Sone Institute – Where Moth And Rust Consume

Front And Follow

Sone Institute - Where Moth And Rust ConsumeKick-starting Front and Follow‘s new series celebrating the past and present of some of the label’s regular contributors, the Sone Institute (after a six year hiatus) takes Ex Post Facto by the horns, presenting new work, along with a bonus download album of retrospective highlights and unreleased secrets from their archives.

The new work is brilliant, palpitating on snappy billiards and tinselled Chic shuffles as opener “I Only Exist” adds a discotheque sheen to some tasty left-field word association, then full of nibbling nubiles, “Summer Lightning” spins with soulful stabs and quick-stepped jivers.

The man behind the moniker, Roman Bezdyk, describes Where Moth And Rust Consume as a pop album, but it’s way better than what passes for pop nowadays.
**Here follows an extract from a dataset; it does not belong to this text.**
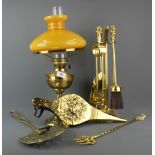 A brass electric lamp in an oil lamp style, H. 33cm, together with a companion set.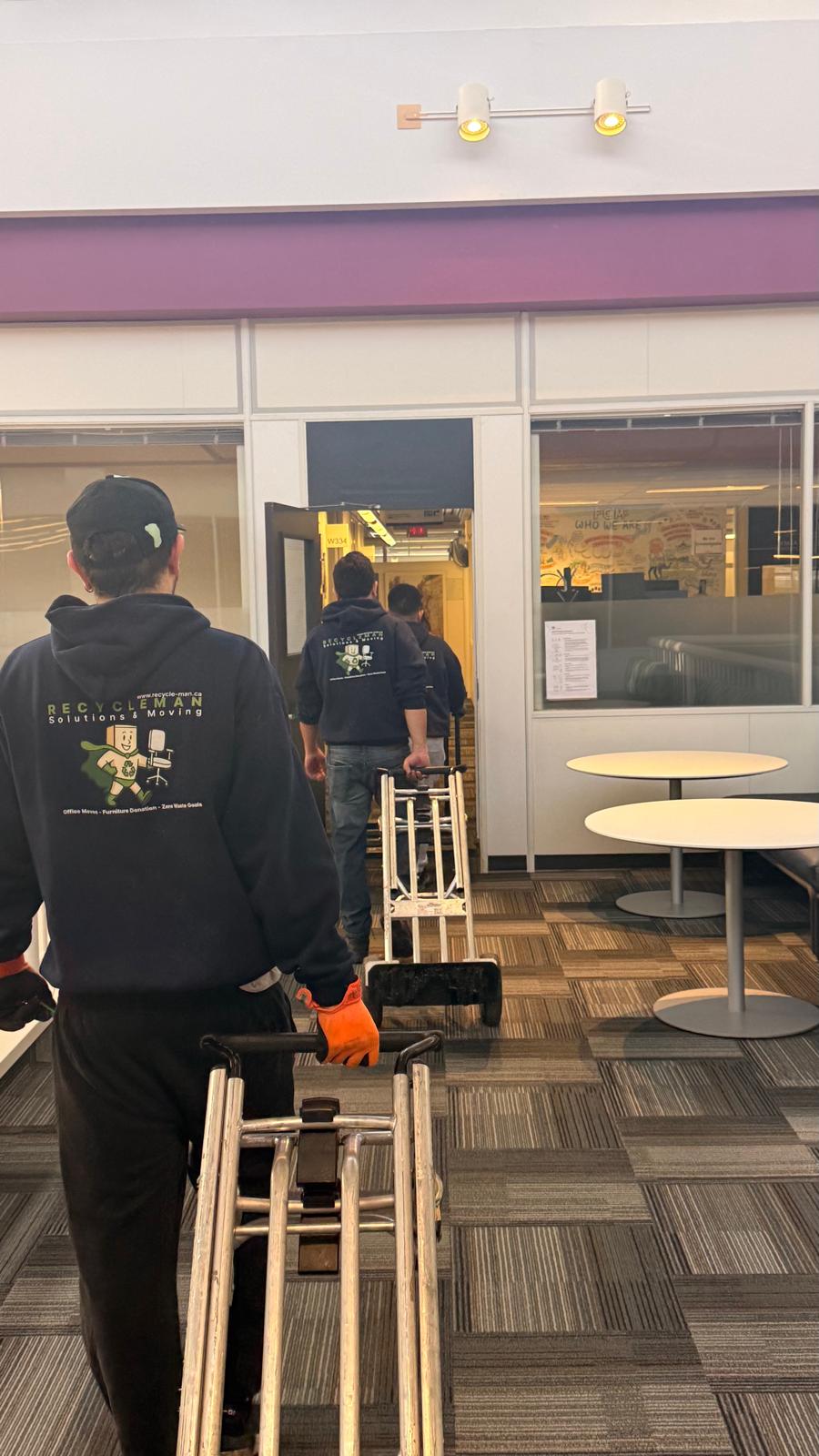 RM crew using hand trucks to move office furniture efficiently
The album is light and airy, yes, but it debonairs an eclectic itch that raises it above the more radio-savvy releases out there, and even Idahos some interesting introspectives to boot. The hooks on “The Devil Works In Asda” are great, undercut euphorics rinsed in stiletto(ed) focus and angled cuts. There’s some lovely synth texturing too, notched and knotted with rhythmics, spraying out in groovesome cinematics. Each track muses with plenty of sway-ability — then Roman inserts a surprise bit of solemn choiring attached to a dirgey fairytale to mix things up. The Pram-like Sargasso Sea-sawing of “Justice” (a firm favourite with me) hits some lovely whippy beatitudes as harmonic choirs curl the sizzling keystrokes and distressed dynamics knife up the soft underbelly.

“A Gilded Cage” enthusiastically spreads itself into an odd roast of reggae, full of surprising sonic returns, then Roman sets a Kraftwerkian rosiness amongst the electronic pigeons on “Glass Arena”; but it’s the creepy undulations of “Oblique Messages” that really get my vote, a shivering introspection with eavesdropping vocals that scatter-cushion odd asthmatics and Morse-coded noirs that shimmer like a ghosty DDR flashback. A twilighting irrigation that garnishes the album’s departure point of ‘God Bless You” with its decaying melody full of butterflying dust and scratches that slowly burrow under your skin in uneasy pastorals, a vibe the (downloaded) eighteen-track accomplice Past And Spared mines superbly.